Material for this task section start
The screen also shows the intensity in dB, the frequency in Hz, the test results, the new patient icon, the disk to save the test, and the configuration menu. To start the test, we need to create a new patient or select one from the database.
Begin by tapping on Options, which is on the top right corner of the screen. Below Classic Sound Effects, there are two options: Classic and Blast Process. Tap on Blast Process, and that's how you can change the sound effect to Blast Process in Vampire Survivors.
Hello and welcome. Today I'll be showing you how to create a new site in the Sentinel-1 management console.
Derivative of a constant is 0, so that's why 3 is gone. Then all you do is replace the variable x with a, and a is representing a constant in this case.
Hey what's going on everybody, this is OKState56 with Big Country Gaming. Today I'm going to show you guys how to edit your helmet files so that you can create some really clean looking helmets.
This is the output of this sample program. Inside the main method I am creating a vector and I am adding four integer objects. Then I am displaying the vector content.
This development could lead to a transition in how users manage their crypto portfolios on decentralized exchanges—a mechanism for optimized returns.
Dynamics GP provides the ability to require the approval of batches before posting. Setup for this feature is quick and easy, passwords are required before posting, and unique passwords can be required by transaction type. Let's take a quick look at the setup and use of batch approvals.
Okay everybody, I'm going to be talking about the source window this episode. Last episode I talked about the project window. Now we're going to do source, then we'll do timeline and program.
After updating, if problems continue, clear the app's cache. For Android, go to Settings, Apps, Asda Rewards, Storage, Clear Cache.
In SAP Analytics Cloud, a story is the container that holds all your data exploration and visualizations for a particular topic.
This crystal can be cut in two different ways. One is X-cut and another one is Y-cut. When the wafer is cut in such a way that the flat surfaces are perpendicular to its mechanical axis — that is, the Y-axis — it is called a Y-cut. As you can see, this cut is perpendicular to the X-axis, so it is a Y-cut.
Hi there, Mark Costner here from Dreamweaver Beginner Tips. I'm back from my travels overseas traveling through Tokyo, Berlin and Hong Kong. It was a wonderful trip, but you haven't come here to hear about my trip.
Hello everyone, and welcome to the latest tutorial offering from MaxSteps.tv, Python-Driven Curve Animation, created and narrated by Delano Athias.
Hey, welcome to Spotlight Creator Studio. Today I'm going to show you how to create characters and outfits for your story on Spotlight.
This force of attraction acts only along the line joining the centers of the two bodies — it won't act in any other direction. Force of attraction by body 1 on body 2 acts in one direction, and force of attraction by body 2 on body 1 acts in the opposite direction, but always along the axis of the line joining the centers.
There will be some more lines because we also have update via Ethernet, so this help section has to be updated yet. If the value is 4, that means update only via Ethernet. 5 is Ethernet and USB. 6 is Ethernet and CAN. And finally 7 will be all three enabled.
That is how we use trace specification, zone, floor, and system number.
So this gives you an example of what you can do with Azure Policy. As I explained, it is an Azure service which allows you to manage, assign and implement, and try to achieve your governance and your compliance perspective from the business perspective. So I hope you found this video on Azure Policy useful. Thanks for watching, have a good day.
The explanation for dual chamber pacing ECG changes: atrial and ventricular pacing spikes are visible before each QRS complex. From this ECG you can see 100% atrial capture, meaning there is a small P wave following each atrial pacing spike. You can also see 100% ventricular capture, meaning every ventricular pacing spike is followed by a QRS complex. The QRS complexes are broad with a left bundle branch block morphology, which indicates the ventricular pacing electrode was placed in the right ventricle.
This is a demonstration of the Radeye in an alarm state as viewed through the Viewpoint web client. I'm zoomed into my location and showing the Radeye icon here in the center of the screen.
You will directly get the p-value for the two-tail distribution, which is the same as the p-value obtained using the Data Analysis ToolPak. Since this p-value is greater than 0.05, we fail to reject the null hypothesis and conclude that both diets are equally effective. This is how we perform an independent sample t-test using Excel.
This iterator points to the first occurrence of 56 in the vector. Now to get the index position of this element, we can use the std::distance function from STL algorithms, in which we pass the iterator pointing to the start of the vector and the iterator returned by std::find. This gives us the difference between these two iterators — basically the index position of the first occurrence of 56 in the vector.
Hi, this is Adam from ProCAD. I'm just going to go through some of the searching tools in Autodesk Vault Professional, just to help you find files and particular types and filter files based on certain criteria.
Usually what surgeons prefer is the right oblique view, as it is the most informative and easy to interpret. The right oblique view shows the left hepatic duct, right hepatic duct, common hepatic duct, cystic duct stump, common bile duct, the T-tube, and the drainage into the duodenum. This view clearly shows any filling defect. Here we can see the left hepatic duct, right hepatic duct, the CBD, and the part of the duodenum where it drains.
Material for this task section end
Your assignment
Lines with "program": find them in the data and copy each one.

Written response
This is the output of this sample program. Inside the main method I am creating a vector and I am adding four integer objects. Then I am displaying the vector content.
Okay everybody, I'm going to be talking about the source window this episode. Last episode I talked about the project window. Now we're going to do source, then we'll do timeline and program.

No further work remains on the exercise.